The manor of Tyburn was recorded in the Domesday Book in 1086 where it had a value of 52 shillings and a population no greater than 50 people.
Leased to a succession of tenants until 1538, Henry VIII then created a Royal hunting park in the northern part of the manor - today this area is called Regent's Park.
In 1611 James I sold the rest of the manor for £829 3s 4d. Almost a century later John Holles, Duke of Newcastle, paid rather more - £17,500.
By the early 18th century, the village of Marylebone consisted of just a few houses near the line of the present High Street and took its name from the parish church of St Mary and the nearby Tyburn stream - hence St Mary by the Bourne.
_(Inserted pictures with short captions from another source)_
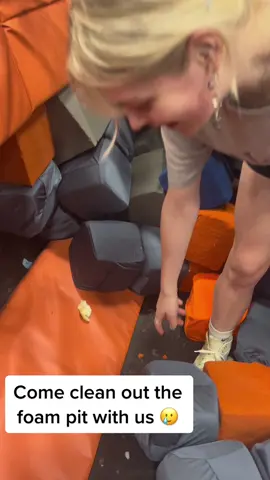 Stay tuned for a mic’d up behind the scenes…. #skyzoneflorence #foampit #somuchfoam 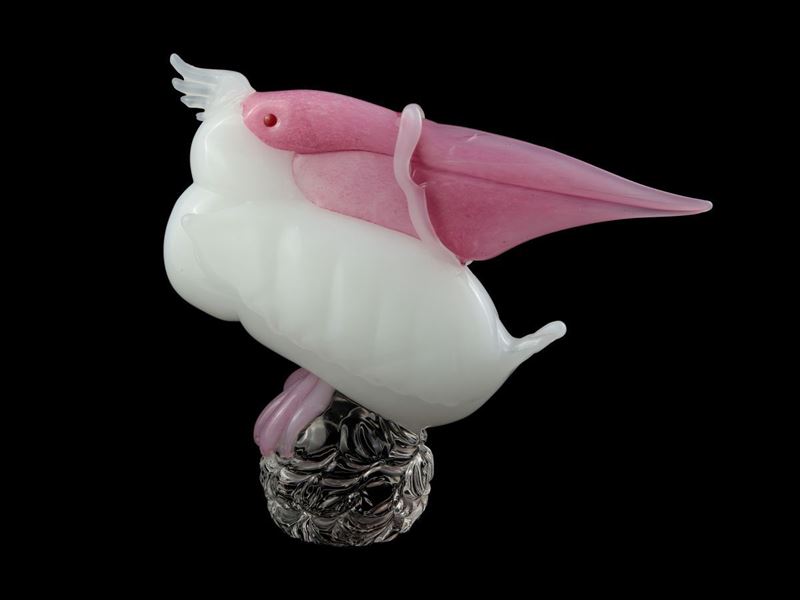 Scultura Raffigurante Pellicano in Vetro Lattimo Spesso
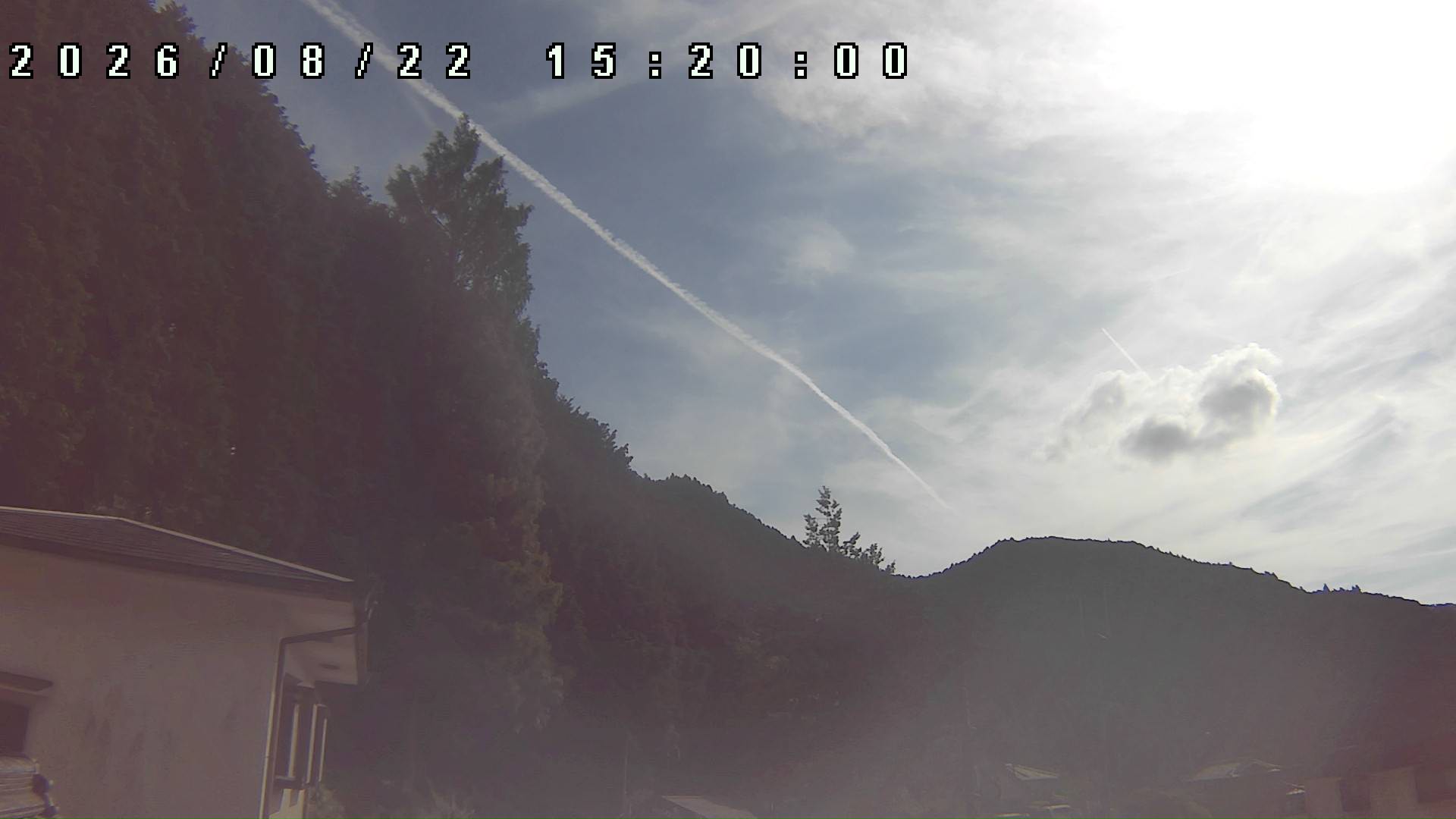 2026年8月22日 15:20ごろの金剛山登山口周辺の空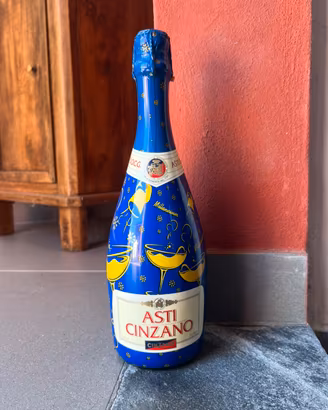 Bottiglia Vino Spumante per l’anno 2000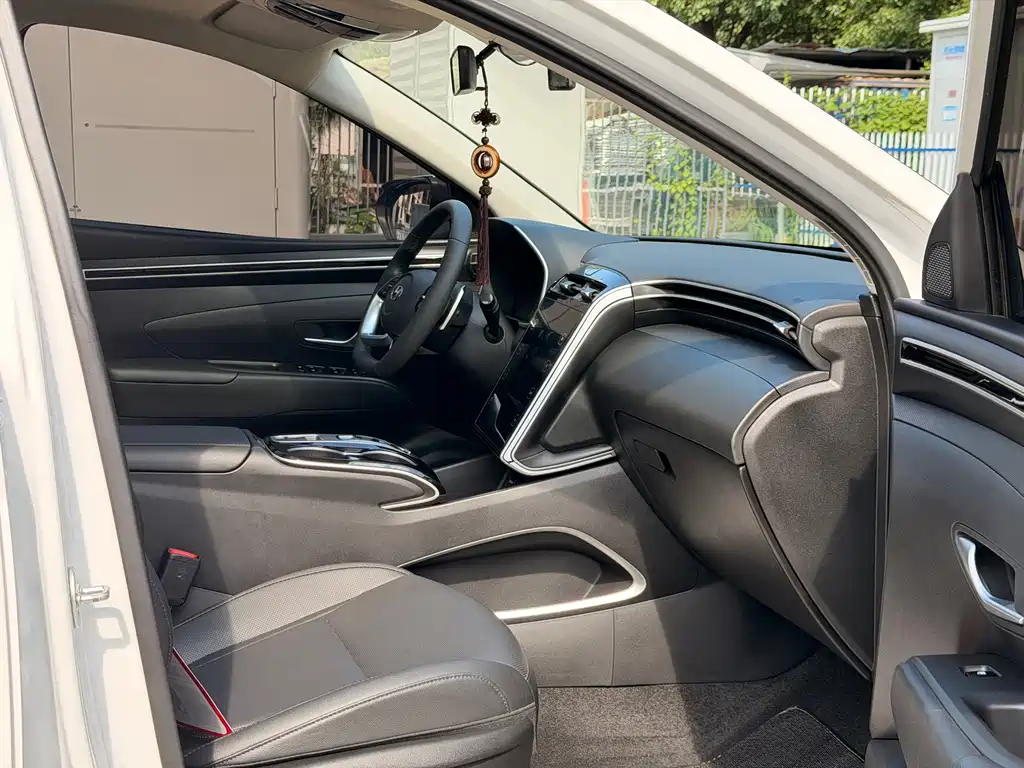 Hyundai Tucson — миниатюра 12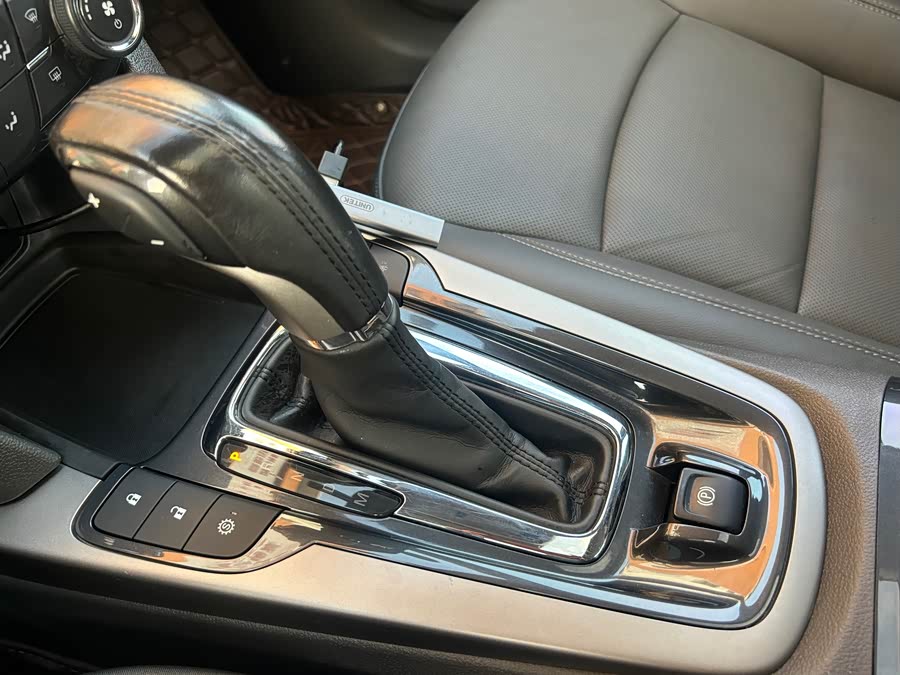 Chevrolet Malibu 2017 car image #33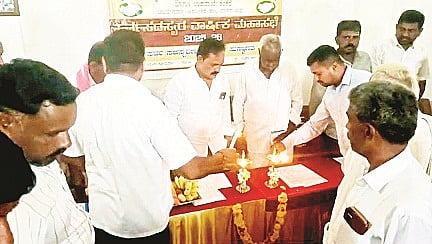ಚಿಂದೆನಹಳ್ಳಿ ಕೃಷಿ ಪತ್ತಿನ ಸಹಕಾರ ಸಂಘದ ಅಧ್ಯಕ್ಷ ಶಂಭುಲಿಂಗಮೂರ್ತಿ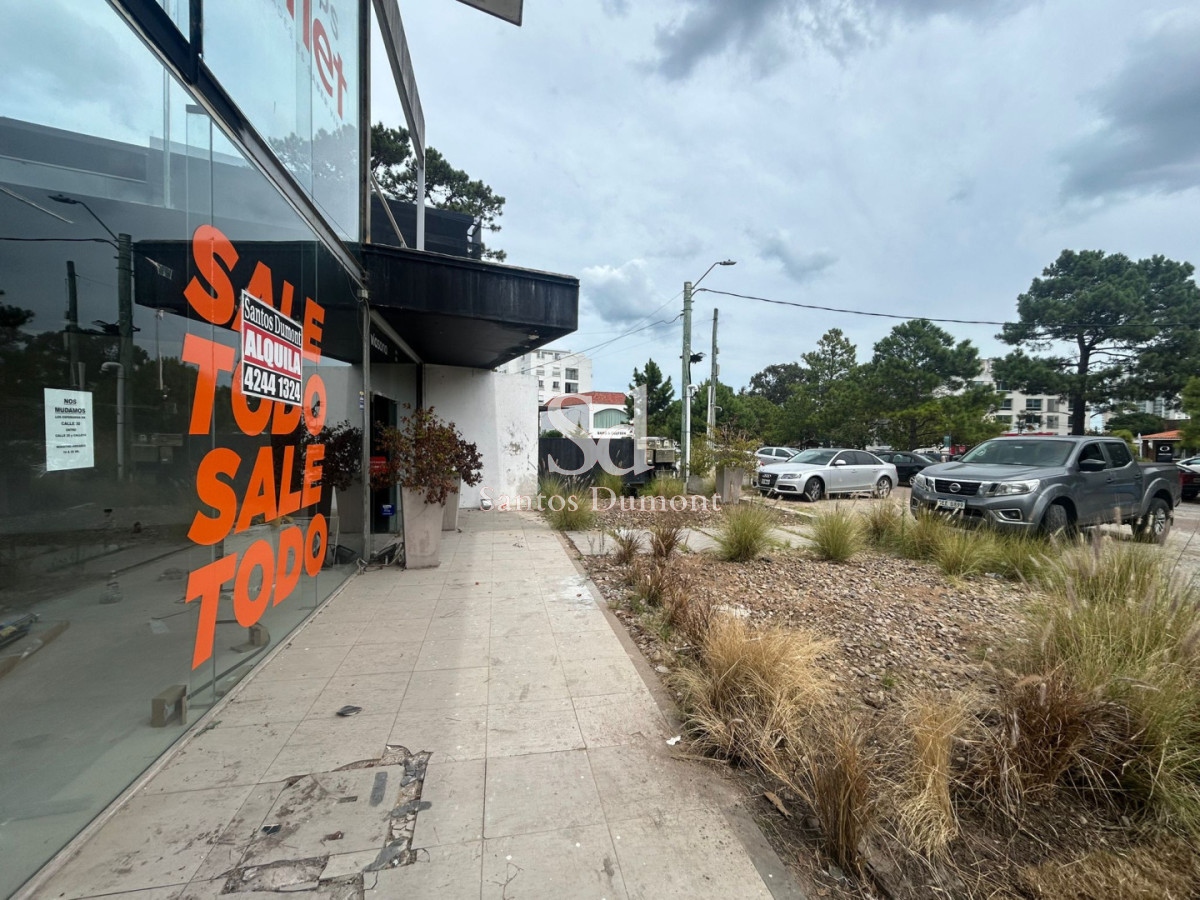 Local Comercial ID.25625 - Local en Av Italia, Punta del Este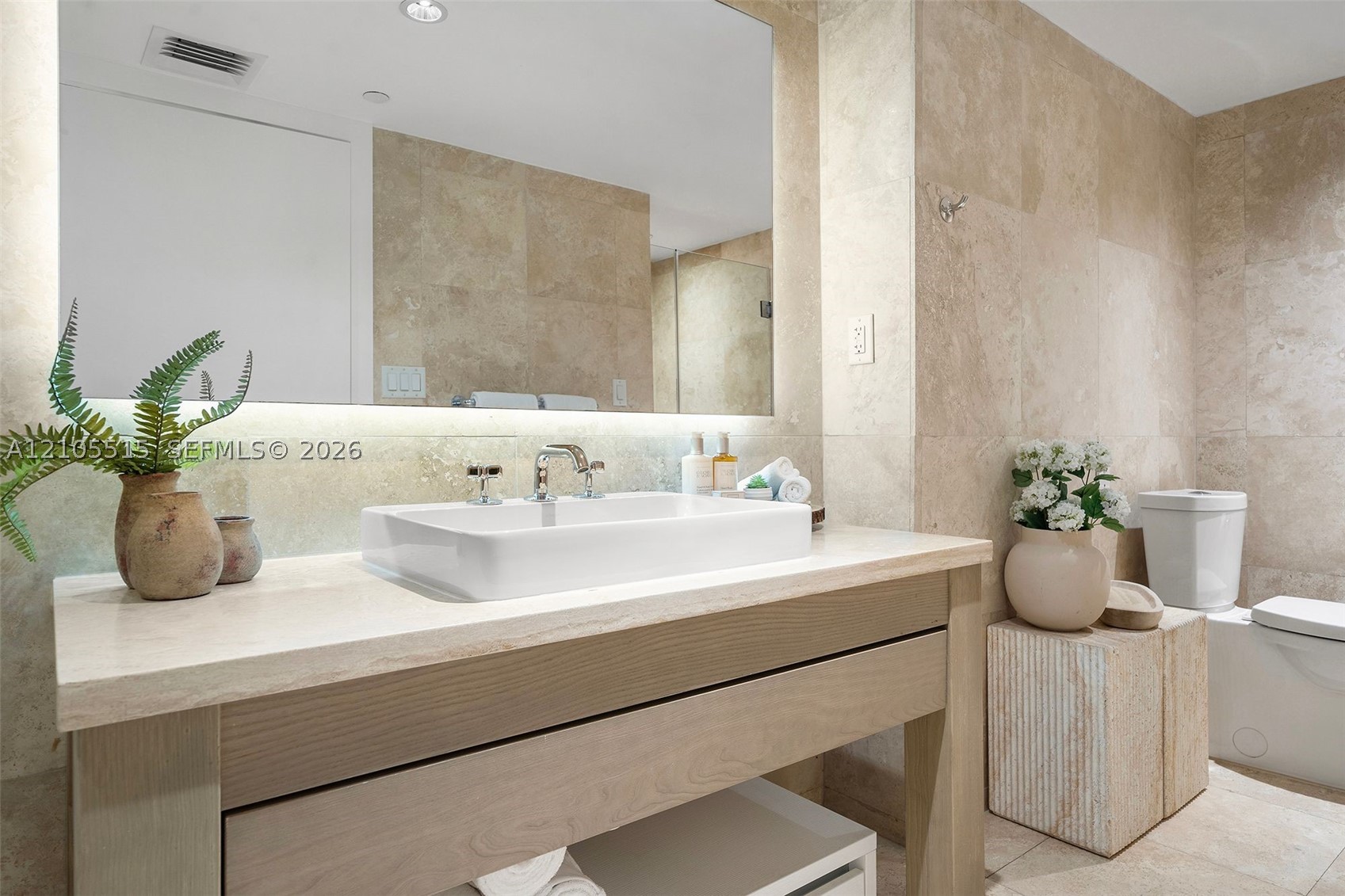 102 24th St #1213, Miami Beach FL 33139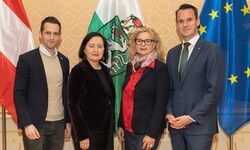 Landesrat Stefan Hermann (rechts) und Klubobmann Lukas Schnitzer (links) mit Bildungsdirektorin ...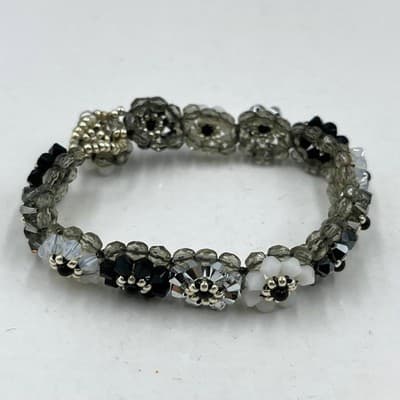 VTG Handcrafted Crystal Floral Beaded Stretch Bracelet Monochrome Black White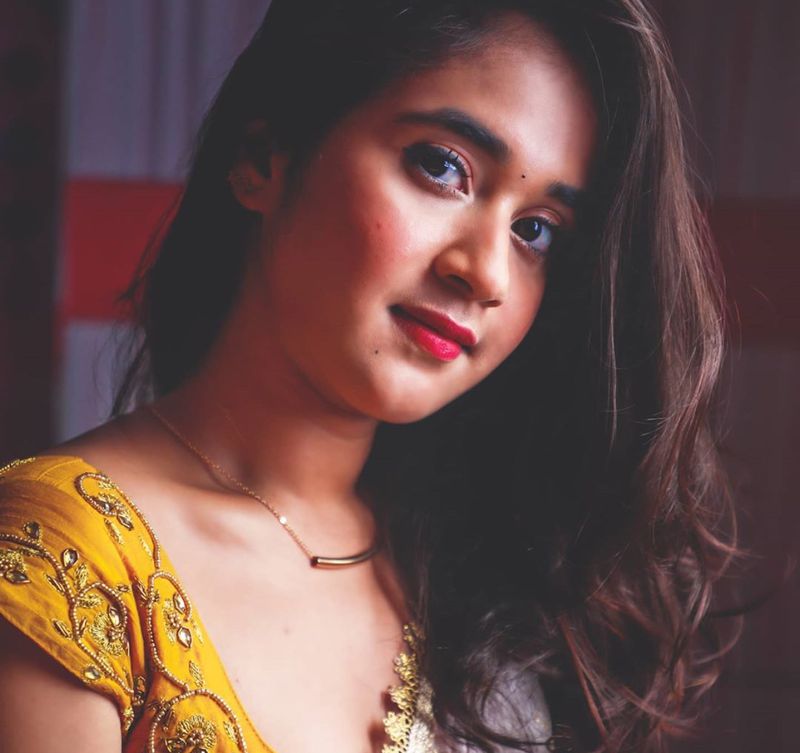 டிக் டாக் முதல் தெலுங்கு பிக் பாஸ் வரை... கலக்கும் தீப்தி சுனைனா போட்டோ கேலரி !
In 1711, the Estate passed to the Duke of Newcastle's daughter, Henrietta Cavendish Holles. She married Edward Harley, 2nd Earl of Oxford and realising the need for fashionable housing they commissioned the architect John Prince to draw a master plan with Cavendish Square as the focal point and a grid system of streets to north, east and west. To the south, the Estate was bounded by Oxford Street.
Upon the death of Edward Harley, the Estate passed to his daughter, Margaret Cavendish Harley who married the second Duke of Portland. Building continued and today's tall dignified Georgian houses began to emerge. Harley Street, Portland Place and Wimpole Street are perhaps the best known.
The majority of streets in the area take their names from members of the families, their titles or estates in their possession. The Dukes of Portland held the Estate for five generations until 1879 when the fifth Duke died without issue and the land passed through the female line to his sister, Lucy Joan Bentinck, widow of the 6th Baron Howard de Walden. The Portland Estate then became the Howard de Walden Estate.
Considerable rebuilding and refurbishment work was carried out during the late Victorian and Edwardian period and in 1918 the first family Estate company was formed.
Today the estate covers more than 90 acres, and ownership and control remain within the Howard de Walden family.